MEMAAFKAN HABIS RAMADHAN, TRADISI ATAU SUNNAH?
Fenomena yang kerap terjadi pasca Ramadhan adalah meningkatnya aktivitas maaf-memaafkan. Mulai dari malam takbiran, banyak orang menyusun kata-kata yang paling indah dan pilihan untuk disebar di berbagai grup whatsapp juga dibagikan secara personal ke banyak orang.
Bahkan, tak jarang mereka sampai googling “kata-kata mutiara maaf-maafan lebaran” untuk mendapatkan yang paling aduhai dan paling mewakili perasaan mereka.

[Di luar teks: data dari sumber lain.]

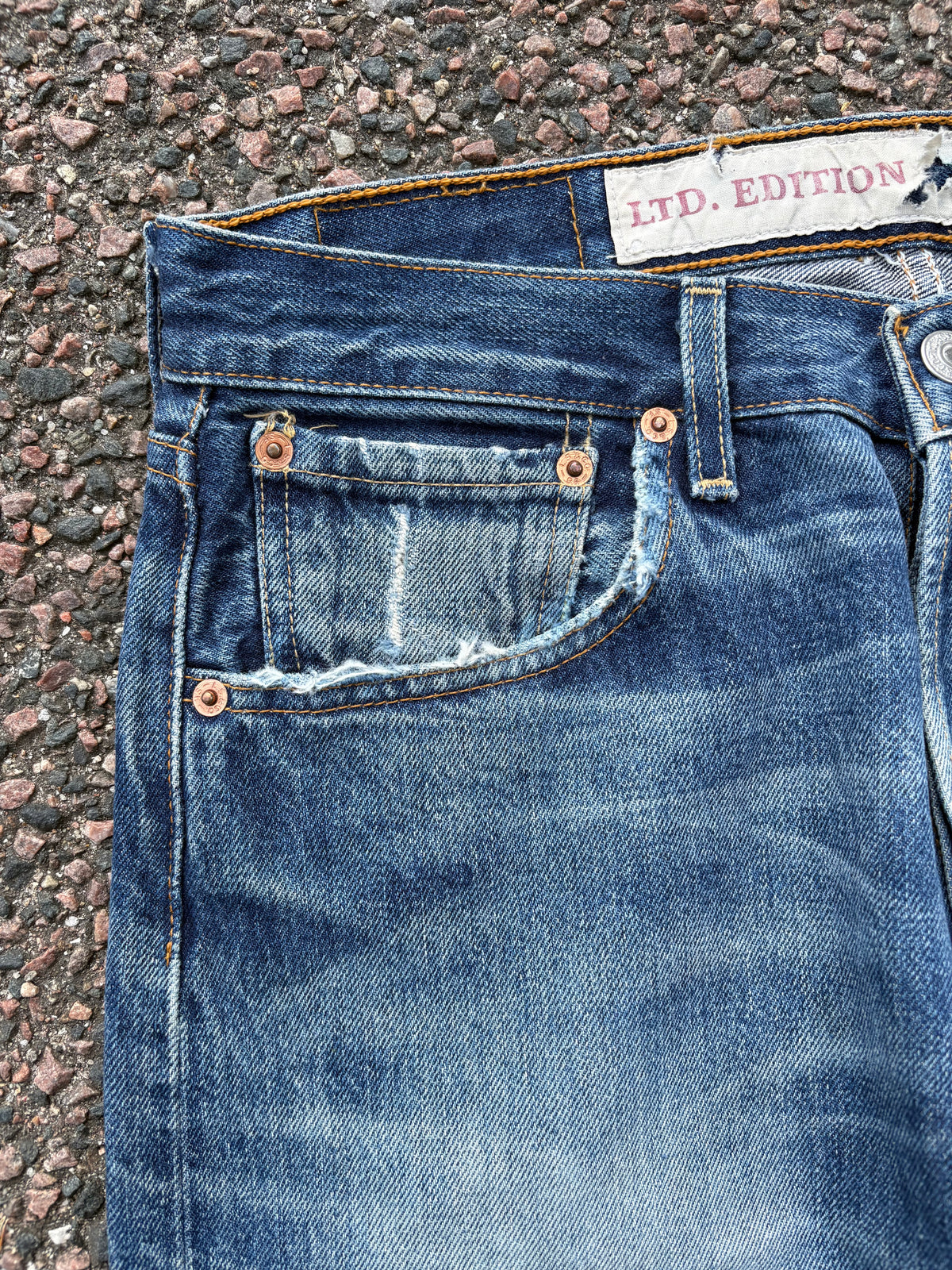Vintage Levis ltd edition washed jeans straight fit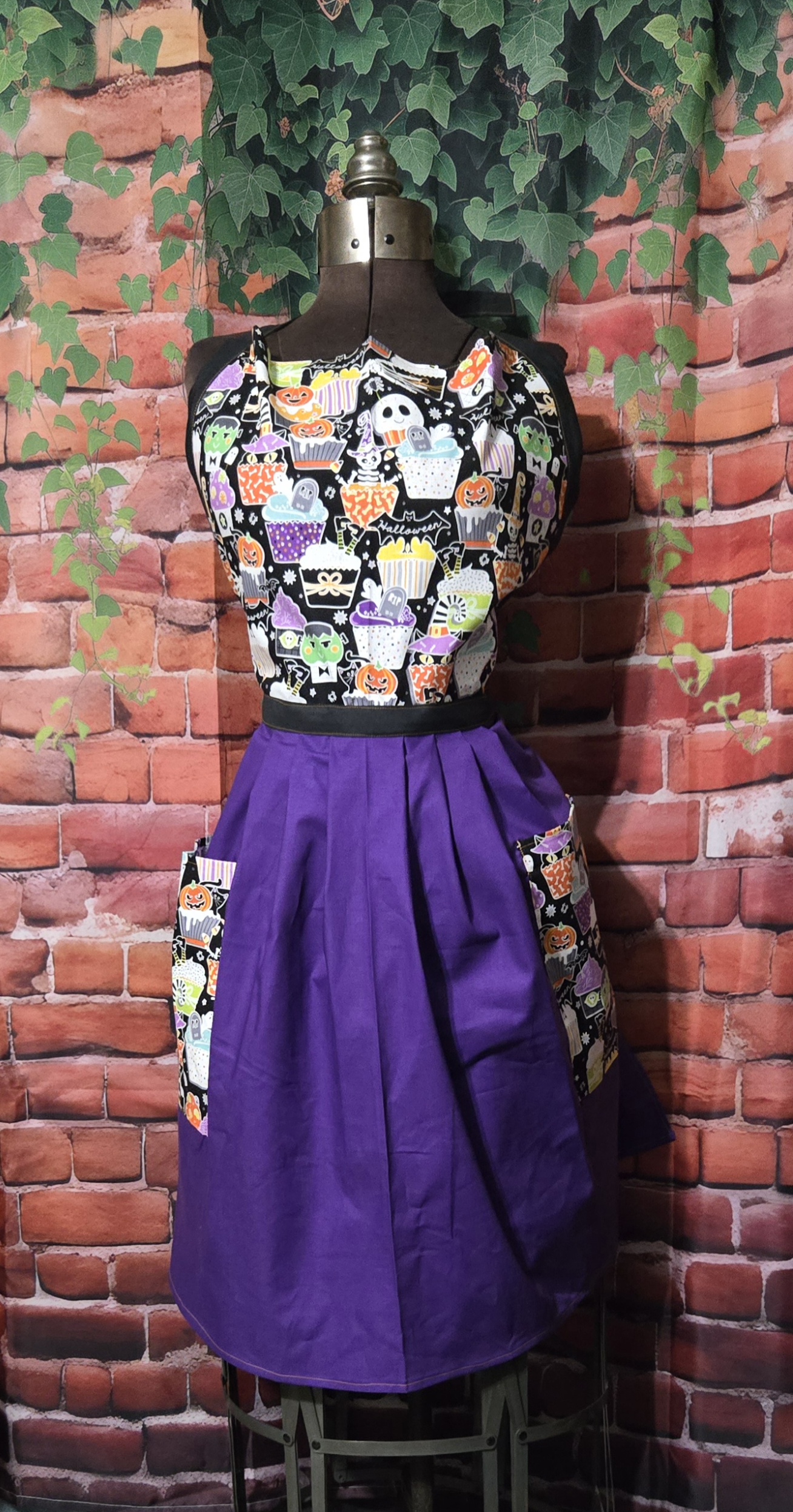 Kitchen Apron Full: Halloween: Scary Cupcakes top with Purple skirt and two pockets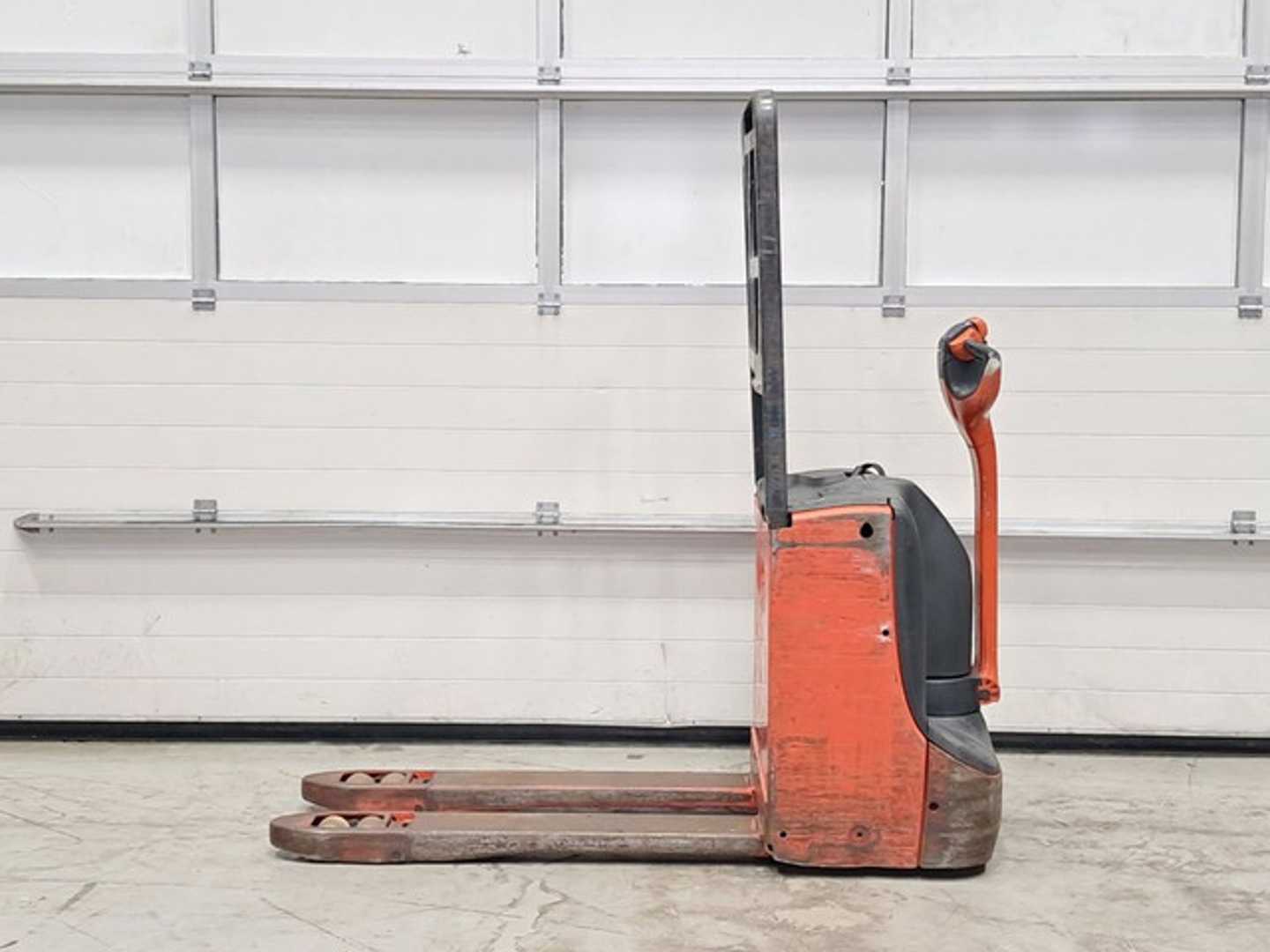 Used Forklift Linde T16 Žemas vežimėlis (pusiau elektrinis) (Image 2) Used Forklift Linde T16 Žemas vežimėlis (pusiau elektrinis) (Image 2)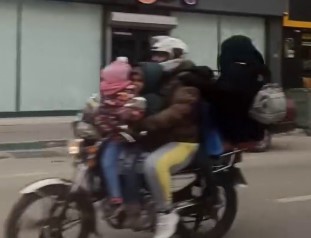 Bursa’da ölümle dans! Motosiklete 6 kişi bindiler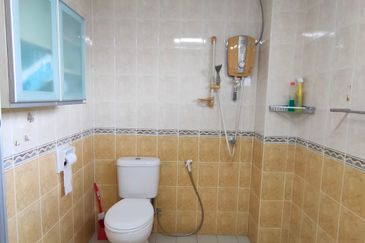 KONDOMINIUM DAMAIPURI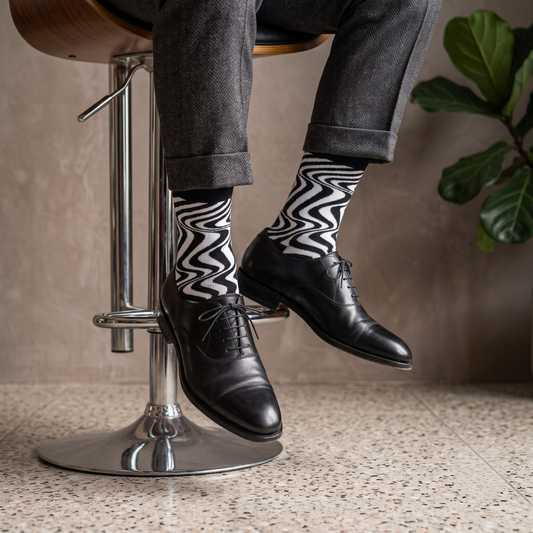 Dynamocks Black & White Cotton Crew Socks – MONO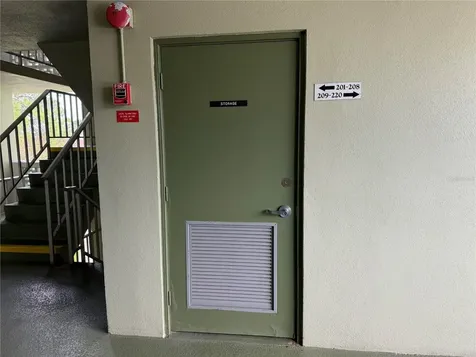 4885 1st Street NE St Petersburg FL 33703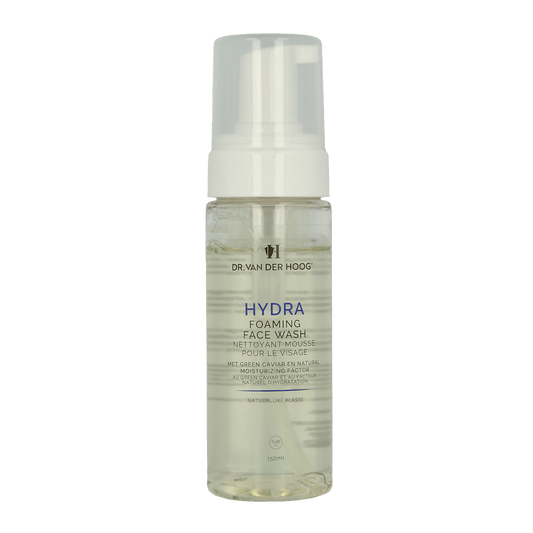 Dr. van der Hoog Hydraterende foaming facewash in 150ml bottle, shown with foam and skincare packaging.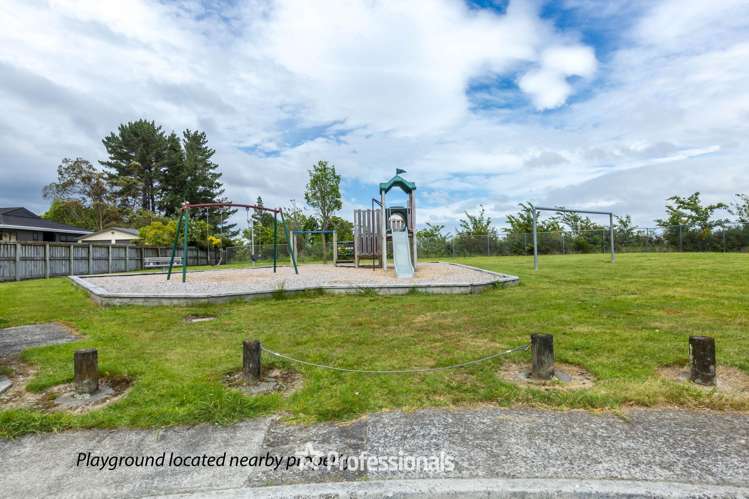 8 Robson Street Stokes Valley_25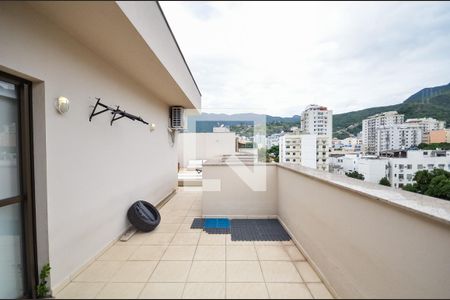 Apartamento à venda com 215m², 2 quartos e 2 vagasTerraço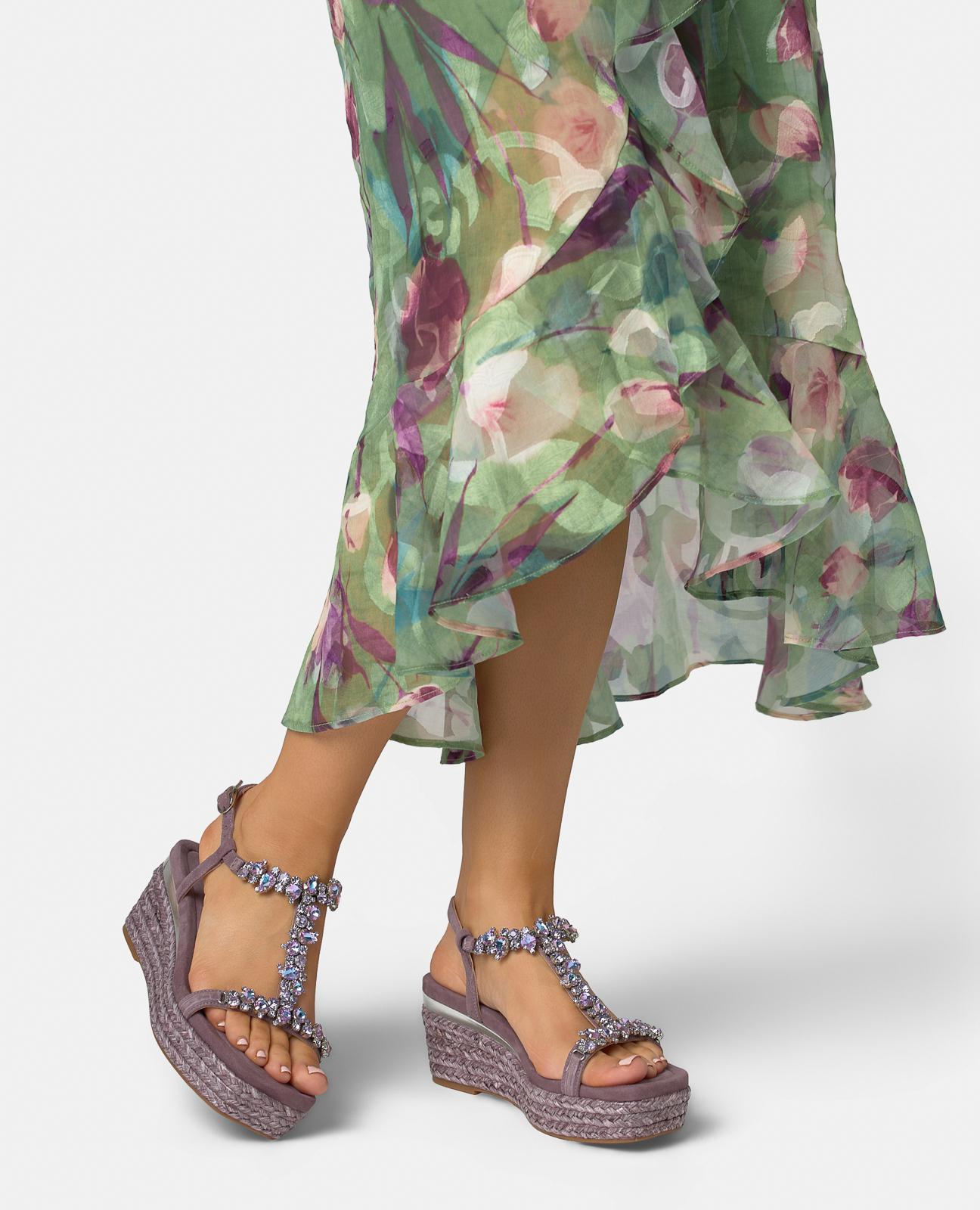 SANDALIA DE ESPARTO ALTURA MEDIA CON TACHAS EN T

Di era pandemi corona sekarang ini, yang memaksa tiap manusia untuk serba online. Tentu, fenomena maaf-memaafkan lewat daring akan demikian masif. Mereka akan habis-habisan mencari penemuan-penemuan baru, baik dalam kata maupun cara, untuk membuat aktivitas maaf-memaafkan ini menjadi sesuatu yang lebih berarti.
Sebenarnya, bukan cuma di akhir Ramadhan atau saat memasuki bulan Syawal, aktivitas ini menjadi masif. Bahkan, menjelang Ramadhan pun, tak sedikit yang mulai memohon maaf. Entahlah, sesalah apa dirinya hingga demikian merasa bersalahnya.
Tentu saja, dalam kacamata fikih, selalu akan muncul pertanyaan, apakah memaafkan pra atau pasca bulan suci Ramadhan merupakan bagian dari Sunnah Rasul?
Jawabannya pasti “bukan” bagian dari sunnah. Mengapa? Ya, karena Rasul saw tidak pernah mencontohkannya.
Dari berbagai hadits terkait dengan Ramadhan. Salah satu ganjaran yang didapat orang yang berpuasa adalah “maghfirah” Allah Ta’ala. Yakni, ampunan Allah Ta’ala.
Seolah-olah puasa adalah ajang bagi setiap mukmin untuk berlomba-lomba meminta ampunan Allah Ta’ala. Proses ini bukan cuma dengan perantaraan istighfar. Tapi proses ini dilakukan dengan beragam aktivitas ibadah, yang salah satunya adalah puasa.
Sehingga, puasa menjadi sarana untuk menafakuri kelemahan-kelemahan kita di hadapan Sang Khalik. Menumbuhkan perasaan bersalah. Memohon agar dijauhkan dari kelemahan-kelemahan tersebut. Dan meminta taufik agar tidak kembali kepada keburukan masa lalu.
Itulah yang disebut sebagai kemenangan. Entah, itu kemenangan yang hakiki atau tidak, hanya kita yang tahu.
Tapi, berakhirnya Ramadhan harus diawali dengan sebuah perayaan. Ya, perayaan atas kemenangan kita.
Kemenangan untuk tidak kalah dengan hawa nafsu jasmaniah kita. Sehingga kita mampu melewati hari-hari dengan tidak makan dan minum.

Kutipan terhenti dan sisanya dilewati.